Our goal is to create a Docker image that contains the Python runtime, our application code, the model file, and all necessary libraries defined in requirements.txt. We'll then run this image as a container.

Step 1: Create the Dockerfile

In your project directory, create a new file named Dockerfile (no file extension). Open this file in your text editor and add the following instructions:

# Use an official Python runtime as a parent image
FROM python:3.9-slim

# Set the working directory in the container
WORKDIR /app

# Copy the requirements file into the container at /app
COPY requirements.txt .

# Install any needed packages specified in requirements.txt
RUN pip install --no-cache-dir -r requirements.txt

# Copy the rest of the application code and model into the container at /app
COPY . .

# Make port 5000 available to the world outside this container
EXPOSE 5000

# Define environment variable for Flask
ENV FLASK_APP=app.py

# Run app.py when the container launches using Flask's built-in server
CMD ["flask", "run", "--host=0.0.0.0"]

Let's break down what each instruction does:

FROM python:3.9-slim: This specifies the base image for our container. We're starting with a minimal official Python 3.9 image (slim version). Docker will download this if you don't have it locally.
WORKDIR /app: This sets the working directory inside the container to /app. Subsequent commands like COPY and RUN will be executed relative to this directory.
COPY requirements.txt .: This copies the requirements.txt file from your project directory on your host machine into the container's working directory (/app). The . refers to the current working directory inside the container.
RUN pip install --no-cache-dir -r requirements.txt: This command runs pip install inside the container to install all the libraries listed in requirements.txt. The --no-cache-dir flag is often used in Docker builds to reduce the image size by not storing the download cache.
COPY . .: This copies everything else from your project directory (your app.py, model.joblib, etc.) into the container's working directory (/app). We copy requirements.txt first and install dependencies before copying the rest of the code; this optimizes Docker's layer caching. If your code doesn't change but requirements do, Docker only needs to re-run the pip install step.
EXPOSE 5000: This informs Docker that the container will listen on port 5000 at runtime. This doesn't actually publish the port; it's more like documentation within the image. The Flask development server defaults to port 5000.
ENV FLASK_APP=app.py: Sets an environment variable inside the container, telling Flask which file to run.
CMD ["flask", "run", "--host=0.0.0.0"]: This specifies the command to run when a container is started from this image. We use flask run to start the development server. The --host=0.0.0.0 part is important; it makes the server listen on all available network interfaces within the container, allowing us to connect to it from outside.

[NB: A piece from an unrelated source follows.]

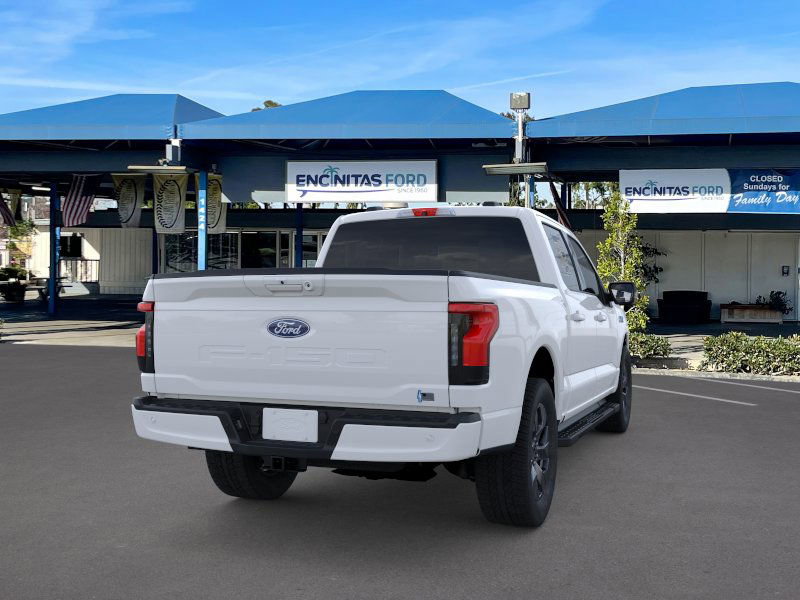 2025 Ford F-150 Lightning photo 8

Step 2: Build the Docker Image

Now that we have our Dockerfile, we can build the image. Open your terminal or command prompt, navigate to your project directory (the one containing the Dockerfile, app.py, etc.), and run the following command:

docker build -t ml-prediction-service .

Let's understand this command:

docker build: The command to build an image from a Dockerfile.
-t ml-prediction-service: The -t flag allows you to "tag" the image with a name (and optionally a tag like :latest or :v1). We're naming our image ml-prediction-service. This makes it easier to refer to later.
.: This tells Docker to look for the Dockerfile in the current directory.

Docker will now execute the instructions in your Dockerfile step by step. You'll see output showing it downloading the base image (if needed), installing packages, and copying files. This might take a minute or two the first time, especially during the pip install step. Subsequent builds might be faster due to Docker's caching mechanism.

If the build completes successfully, you've created your Docker image! You can verify this by listing your local Docker images:

docker images

You should see ml-prediction-service listed among them.

Step 3: Run the Docker Container

With the image built, we can now run it as a container. Execute this command in your terminal:

docker run -p 5000:5000 ml-prediction-service

Let's examine the docker run command:

docker run: The command to start a new container from an image.
-p 5000:5000: This is the port mapping flag. It maps port 5000 on your host machine (the first 5000) to port 5000 inside the container (the second 5000). Remember, EXPOSE 5000 in the Dockerfile only documented the port; -p actually makes the connection. This allows you to access the Flask app running inside the container via localhost:5000 on your machine.
ml-prediction-service: The name of the image we want to run.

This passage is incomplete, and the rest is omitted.